At one point, Yigal Alon wanted to return part of the Bikah to Jordan. In anticipation of his plans, this road was paved. This highway was supposed to be the border between Israel and Jordan.
Yigal Alon (1918 – 1980) was an Israeli political and military figure of the Ahdut HaAvoda party (one of the main forerunners of the modern-day Israeli Labor Party). In April 1969, when Levi Eshkol died, he was temporarily replaced by Alon. However, he held this office less than a month, as Golda Meir was persuaded to return to political life and become prime minister in March 1969. We see from this we cannot be sure of what we might have to give away. We can rely only on HaSh-m and no one else. 

Published in Hamodia 25 August 2011

1 comment:

  1. Very interesting post. Keren Sartava is especially noticeable from down in the valley. It stands out quite prominently from the surrounding peaks; and it is easy to see why it was one of the places for the bonfires announcing the new month.
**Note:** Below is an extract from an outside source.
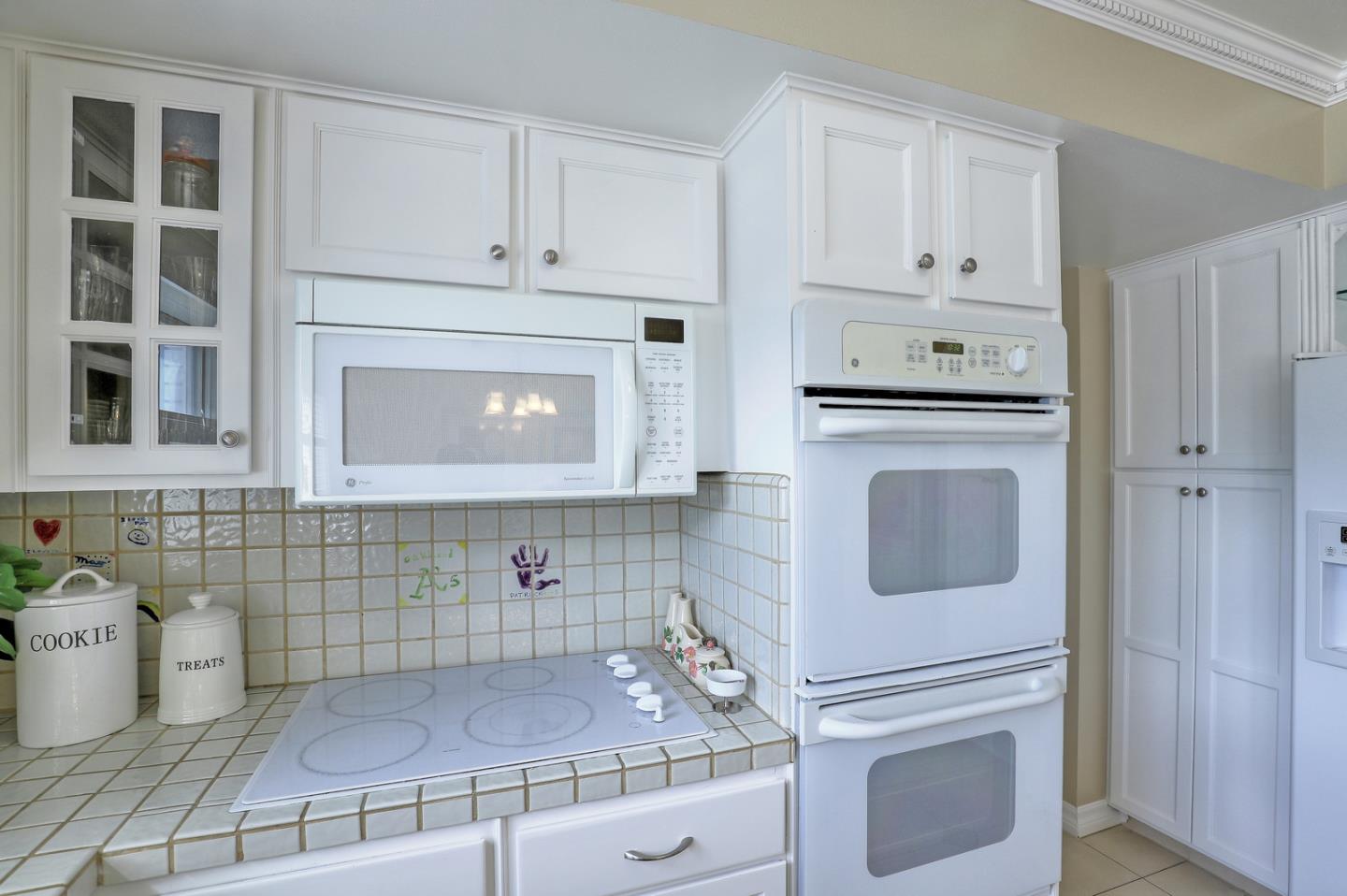 19923 Lanark Lane Saratoga, CA 95070 - Photo 13 of 34 a kitchen with granite countertop white cabinets and white appliances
    The events of September '70 were what lead to the founding of the Black September terrorist organization; and hence their name. Hussein had trouble with so-called Palestinians constantly. They are actually the majority of Jordan's population; while the Husseins had been brought from outside by the British.

    Wadi Kelt and the other wadis in the area were very popular hikes at one time. One could start at the top, and end in the evening in the Bikah; and catch a late bus back to Yerushalayim. We were acutely aware and grateful to all those soldiers who had carried out the chases and searches in the area. I'm glad to see Eretz Hamirdafim being remembered.